寄与分を受けることができるのは「被相続人の事業に関する労務の提供又は財産上の給付、被相続人の療養看護その他の方法により被相続人の財産の維持又は増加について特別の寄与をした者」です。
寄与分は「特別の寄与」である必要がありますので、日常の家事や、夫婦間の通常の看護等は当然のことですので、特別の寄与にはあたりません。
寄与分の計算方法
相続開始時の遺産の価額から寄与分の価額を差し引いた残りの価額を、法定相続分で分配し、寄与者には寄与分を加算します。
特別受益とは
相続人に対して遺贈及び一定の生前贈与といった財産分与がなされている場合、その遺贈等を「特別受益」とよびます。
特別受益にあたるのは「被相続人から、遺贈を受け、又は婚姻若しくは養子縁組のため若しくは生計の資本として贈与を受けた者」です。
具体的には学費や、家を買うときの資金の提供、結婚の時の資金の提供等です。
つまり特別受益の範囲としては遺贈は全てが対象になります。
遺贈
遺贈について、くわしくはコチラをご覧ください。
生前贈与
生前贈与は「婚姻、養子縁組のための贈与」、「生計の資本としての贈与」等があげられます。
■婚姻、養子縁組のための贈与
持参金、嫁入り道具、結納金、支度金など、婚姻または養子縁組のために特別に被相続人に支出してもらった費用が含まれます。
■生計の資本としての贈与
被相続人からの生活の基礎として受けた贈与は一切含まれ、相当額の贈与は特別の事情がない限り全て含まれます。

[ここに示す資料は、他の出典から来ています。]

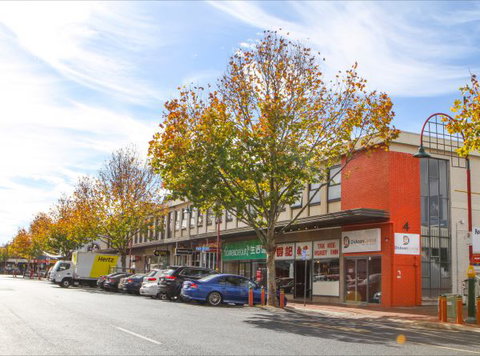 Dickson Central - Perth Resorts 7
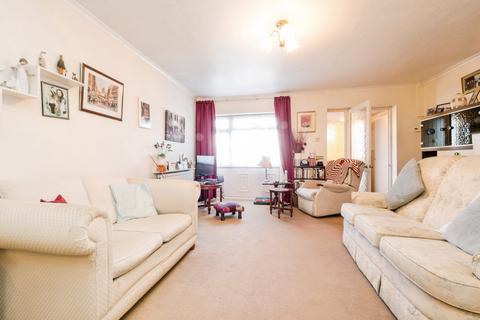 3 bedroom semi-detached house for sale, Ashurst Drive, Ilford, IG6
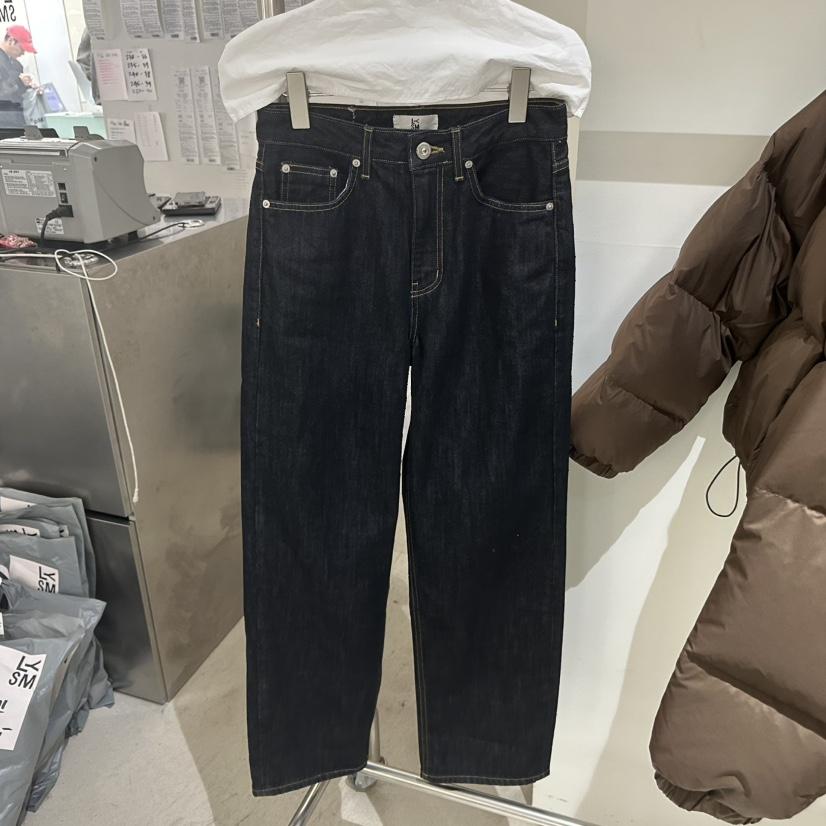 LOVE YOU SO MUCH/MORE THAN YESTERDAY東大門㊣直郵女士新款職業牛仔褲LYSM/MORE THAN YESTERDAY牛仔褲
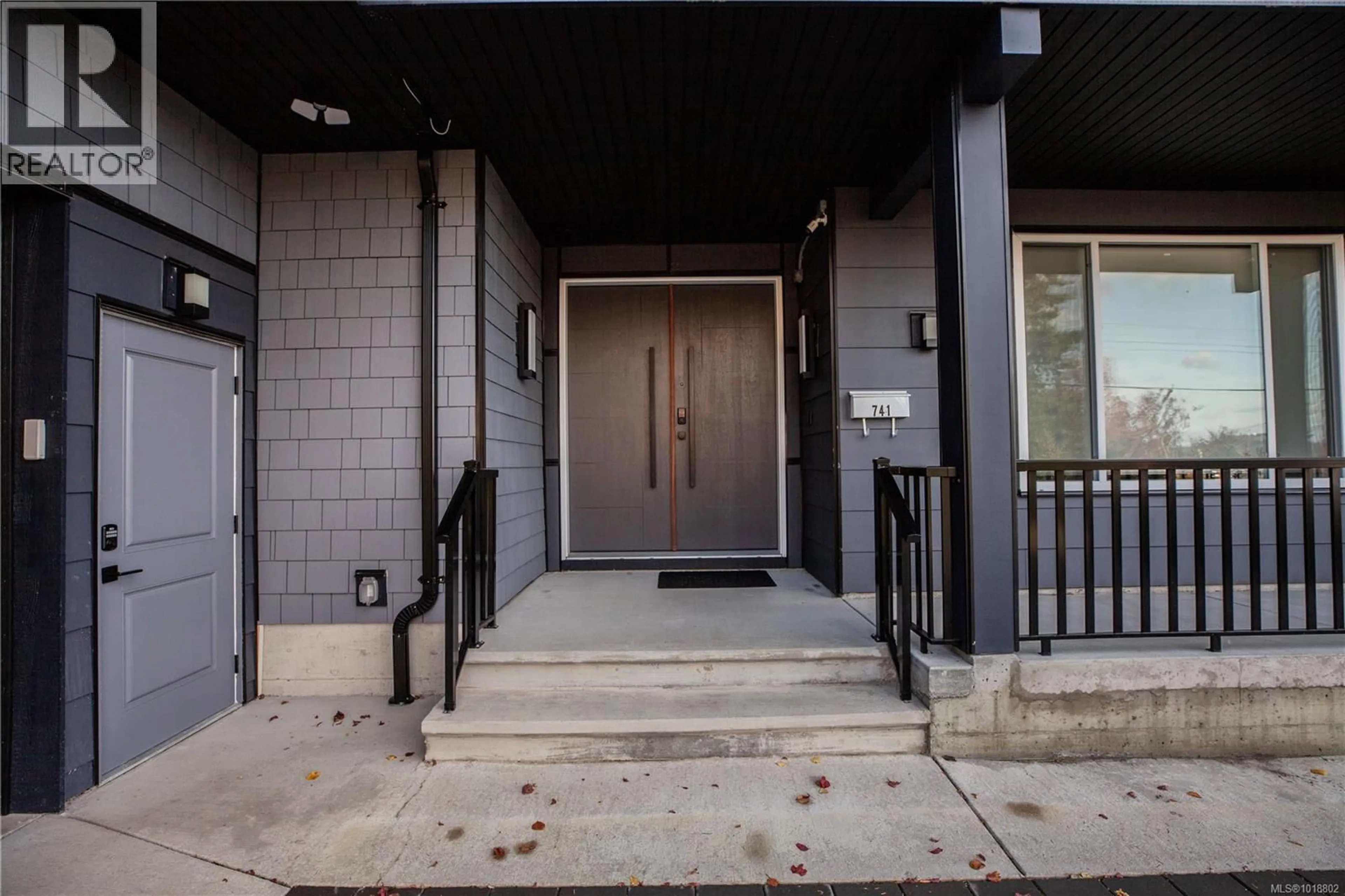 Unknown for 741 SNOWDROP AVENUE, Saanich British Columbia V8Z2N3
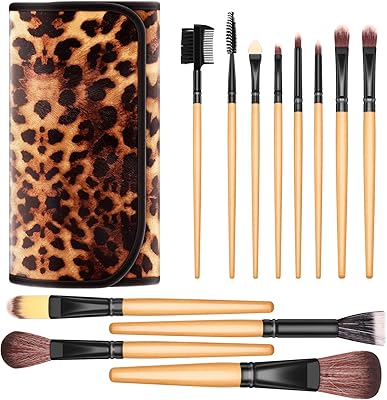 Un luxueux ensemble de pinceaux de maquillage de 24 pièces pour mélanger fond
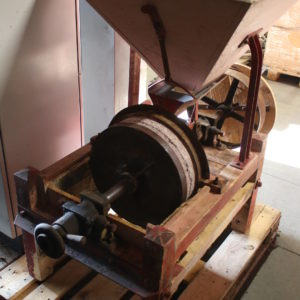 Antike alte Schrotmühle / Getreidemühle DEKO – Bild 2
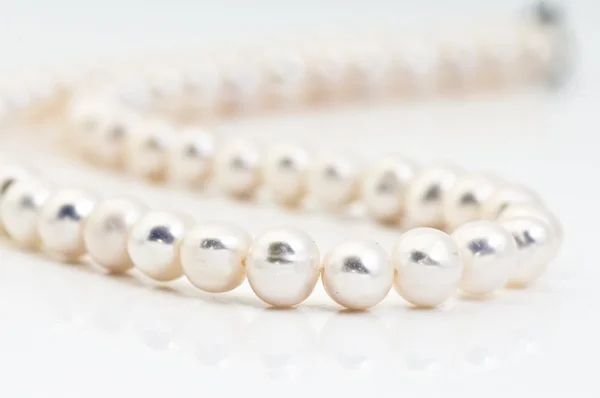 Stringa di perle sopra bianco — Foto Stock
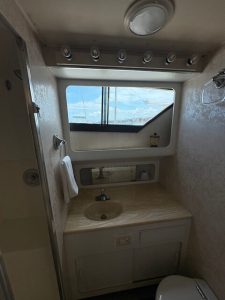 bath, Hatteras 70, trawler for sale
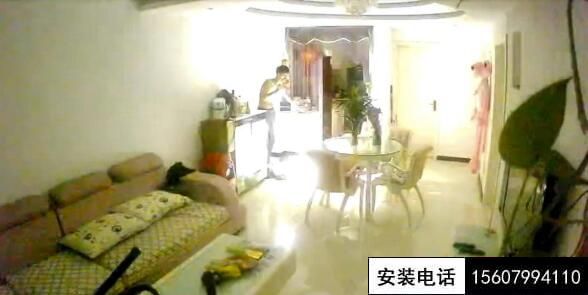 發(fā)現(xiàn)監(jiān)控攝像頭探頭后被驚走“萍鄉(xiāng)光背男”入室盜竊財物還拿走幾本書 自稱想多讀點書(圖2)
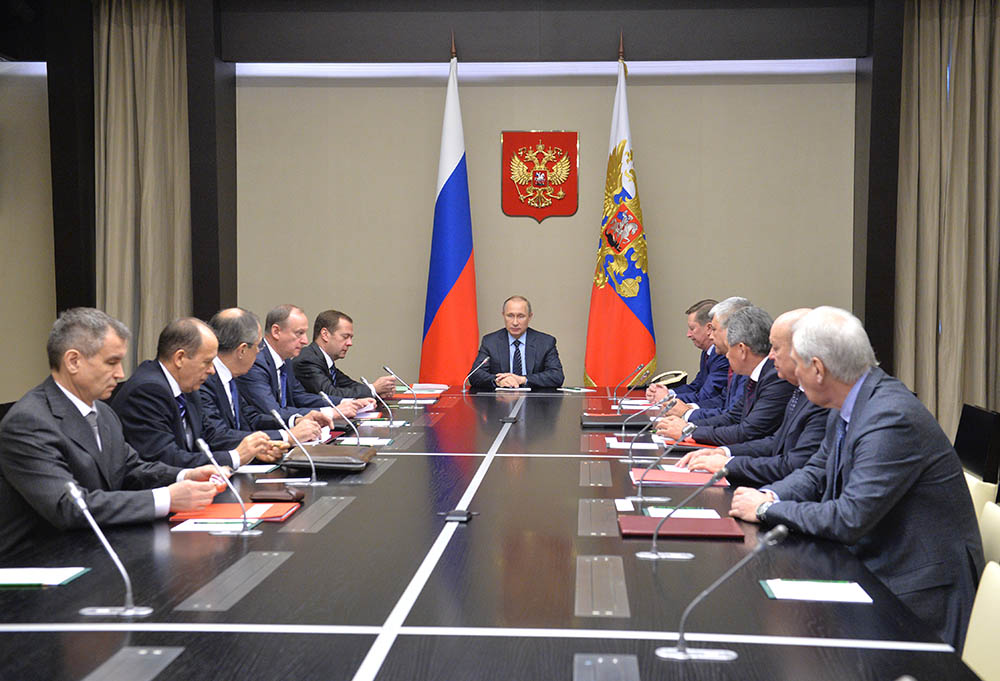 Президент России Владимир Путин проводит в резиденции Ново-Огарево совещание с членами Совета безопасности РФ Президент России Владимир Путин проводит в резиденции Ново-Огарево совещание с членами Совета безопасности РФ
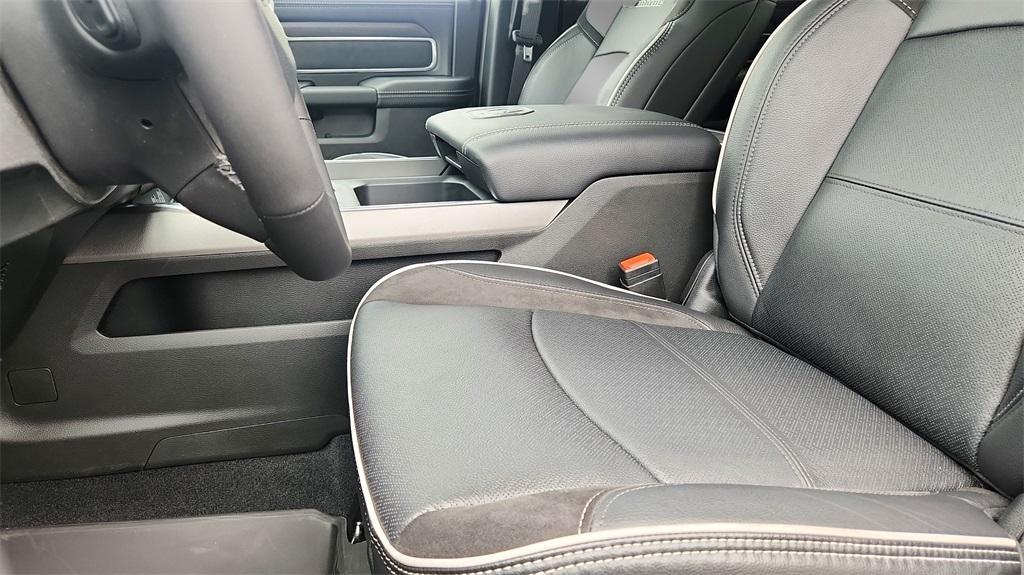 new 2025 Ram 3500 car, priced at $80,392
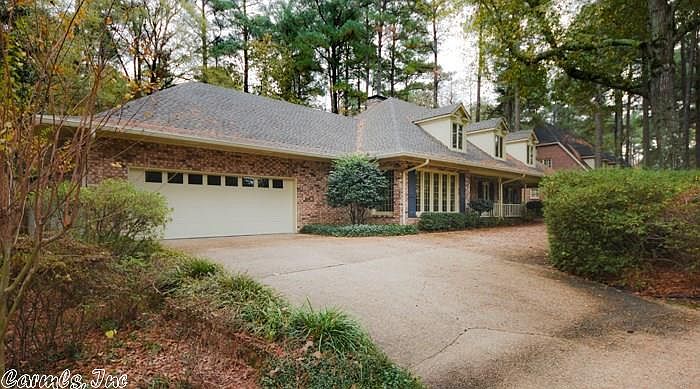 1st image of 17 Elmwood Cir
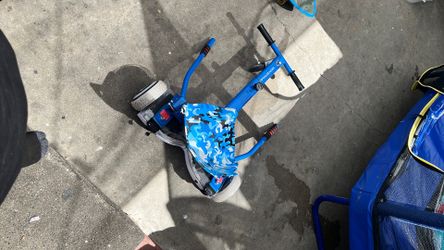 Hover board with hover board seat comes with charger Hover board with hover board seat comes with charger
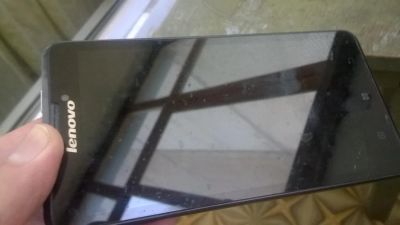 Лот: 5730678. Фото: 1. Lenovo P780 (внизу разбит тач... Смартфоны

特別受益の判断基準は一定ではなく、生活水準が以前に比べ向上している以上、生活の実態をみて判断する必要があります。
生前にうけた特別受益が相続分よりも多いのならばその人は何も相続できません。
つまり、親の生前に一人の子がたくさん贈与を受けたことで、親の相続財産は減ってしまっています。
それが考慮されないと、不公平な結果となります。
そのため特別受益を受けた者は、その分相続分が少なくなります。
これを「特別受益制度」といいます。
特別受益の計算方法
遺産の額に、特別受益分を加算し、その合計額を基準として分割し、特別受益者の相続分からその金額を引きます。
相続登記と特別受益
相続登記の実務上では、「特別受益証明書」が提出されることがあります。
これは、共同相続人の1人あるいは一部の者が、「被相続人の死亡による相続については相続する相続分はない」という趣旨を記した書面で、作成者の印鑑証明書を添付して不動産相続登記申請するものです。